Here's a great letter from Spirits Blog reader David Knopfler (not of Dire Straits) out in North Carolina in response to yesterday's post about whisky profiteering:
Thanks for the thought provoking blog post today. I've seen any number of articles, blog posts, and comments on forums expressing rage at the rise in prices, accusations of gouging etc. What I haven't seen is a clear eyed analysis of the whisky business balance sheet to determine what is in fact reasonable pricing to ensure a sustained profit, and the capital necessary to expand to meet the burgeoning global demand. We are comparing the current rising prices with those that were set at a time the trade was attempting to purge a glut of product before it went over the hill. A time when the industry still suffered a hangover from almost two decades of declining demand. Certainly that is not a reasonable pricing baseline for a healthy business. You've used your industry contacts to provide great insight into the nuance of the products you carry. It would be interesting if your could do the same to illuminate the business side of things since that has become such a hot topic for everyone.
Thanks and best regards,
David makes a great point that I'm not sure today's generation of drinkers really understands: the prices we were used to paying for whisky (pre-spirits boom) were based on low demand and high inventory. The industry was sitting on a large amount of mature casks (at one point the Laing brothers dumped a 30 year Brora cask into a cheap blend because they didn't know what else to do with it) and the prices reflected that. Many producers were happy just to break even after investing so much capital into supply. Now that their product is back in demand again, however, they can now start to profit from that extra inventory--if they still have any left. I think that's an important fact to keep in mind, especially when trying to find an answer for David's request: taking into account expenses and cost projections, what is actually a fair price for a bottle of whisky?

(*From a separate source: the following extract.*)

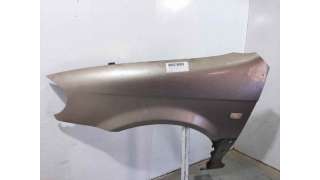 ALETA DELANTERA IZQUIERDA KIA CARNIVAL II (2001-2006) 2.9 CRDI 144CV 2902CC - L.7199819 / 0K55A52211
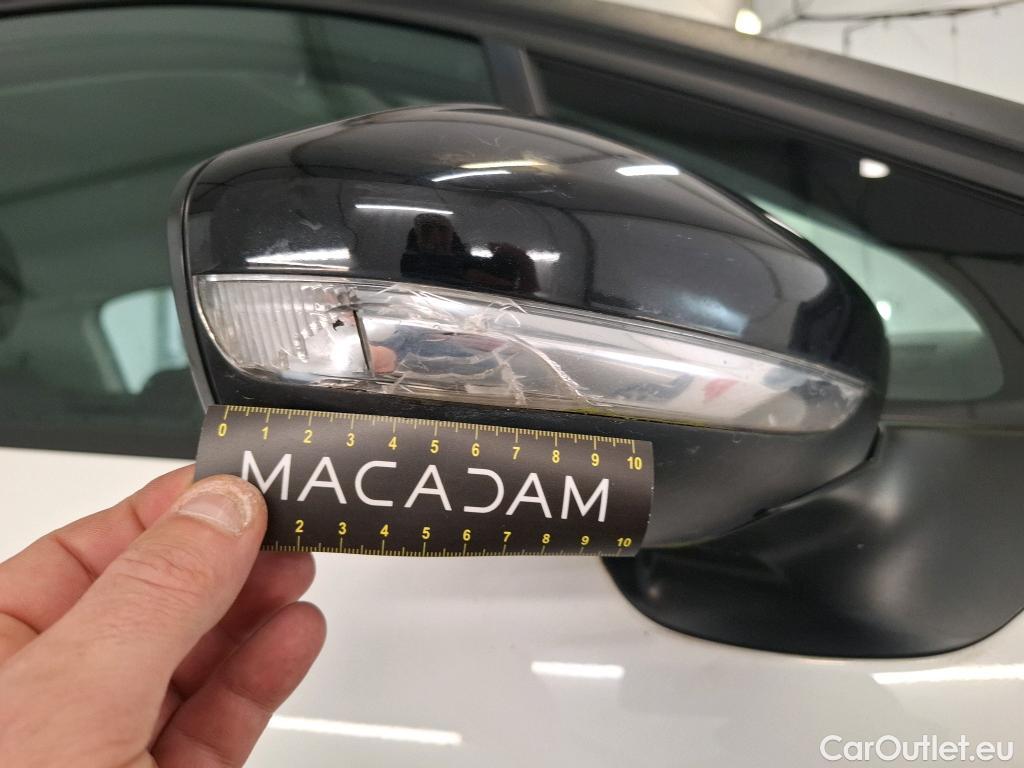  Citroen  C3  Société Feel 1.5 BlueHDI 100CV BVM5 E6dT #12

I'm not sure that many producers would be willing to open up their accounting books to someone like me, but there's something else you have to keep in mind when looking at today's newer distilleries: production overhead. Some distilleries are including loan payments and debt into their bottle price, while others have long paid off any outstanding investment fees. That's part of the reason why Armagnac is so reasonably priced for what you're getting: these guys are producing on farms handed down for generations, with backstock that was paid for decades ago. Any sale is pure profit at this point. Craft distilleries, on the otherhand, have to work quickly to pay off the loans, and if they've taken money from investors, to make sure those investors are getting a return on their money. These investment expenses are definitely factored into the price of each bottle sold, after taking into account supplies, labor, maturation, etc.
Nevertheless, you've got me thinking, David! Thanks for the letter. Hopefully I can get back to you about this subject with some sense of accuracy.